The personal feedback of the students and evaluations resulted in some surprising results for me. Contrary to my expectations, my most demanding course „Scientific Programming“, for example, was and is extremely well rated. For me, this initially contrasted with the students‘ feedback during the course, who ask many questions during almost every lecture or exercise and have to struggle with a high degree of frustration tolerance. However, the high density of individual work or direct application of theoretical knowledge seems to generate a constant and sufficient sense of achievement to ultimately develop a positive attitude towards the course.
Commitment to teaching
As a module coordinator for two modules with a total of seven courses (M.HEG.12 Hydrogeology I, M.HEG.310 Groundwater Modeling II), I also function as a contact person beyond my teaching hours, both for teachers and in particular students. Due to the constant internationalization of the teaching environment, new problem areas arise here, which, however, are often not yet available or discussed in the broad environment of the university.

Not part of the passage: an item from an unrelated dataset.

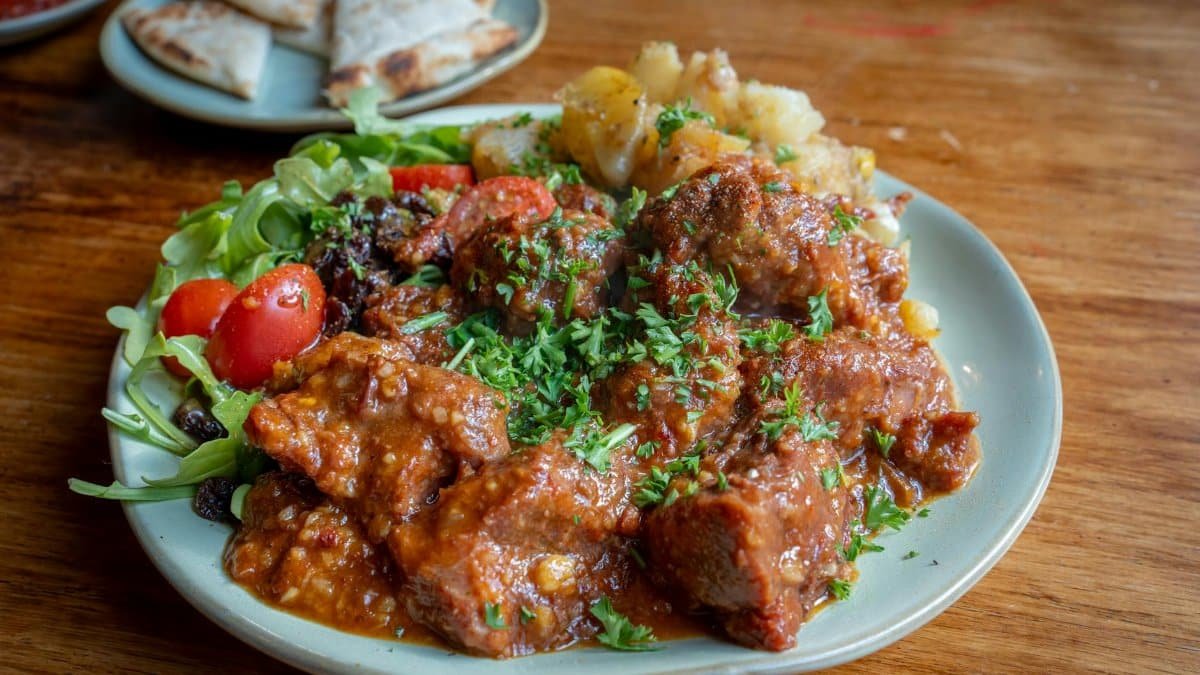 Savor a hearty beef stew with fresh cherry tomatoes and greens, perfect for lunch.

Within the framework of the U4 initiative consisting of four universities (Gent, Belgium; Uppsala, Sweden; Groningen, Netherlands; Goettingen, Germany) I was invited to the workshop „International Perspectives in Teaching & Learning“ in Gent as a representative of the University of Goettingen to identify current challenges in the context of internationalisation and to develop possible solutions to problems.
I successfully completed the certificate program for higher education teaching at Goettingen University Higher Education Didactics in 2017. In particular, the teaching internships by the university didactics staff helped me to optimise my courses and improve the transfer of knowledge.
In order to offer students a wider range of (most efficient) field-related theses, I have been instrumenting the Goettingen karst springs (Weendespring, Gronespring) with the help of study quality resources since 2015. In the sense of a’field laboratory‘ there are many possibilities to carry out interdisciplinary theses, e.g. numerical simulations (saturated/unsaturated hydraulics, mass transport), hydrochemical/isotope chemical analyses, structural geological/geological characterisation including transfer to hydrogeological parameters, as well as soil science studies (soil water balance models, unsaturated flow processes).
Prospects for teaching
In my teaching, there is often a contrast between application-related topics and research-relevant questions. Both are important for the future professional orientation of students, even if the majority do not pursue a career in research. This requires me, despite my enthusiasm for my work in research, to primarily orientate my teaching according to the requirements of the labour market. Occasionally, both can be combined. For example, the teaching and understanding of microscopic processes in the field of groundwater flow (research) also enables a better understanding of large-scale flow dynamics (application). The identification of such cross-references is a challenge from a didactic point of view and I would like to expand this even further in the coming semesters.
During my time as a lecturer I was able to identify the independent work, for example in the form of written exercises or computer applications, as an essential core aspect of a good course based on feedback from students. I would also like to integrate this into my future teaching through short fluid mechanics laboratory experiments.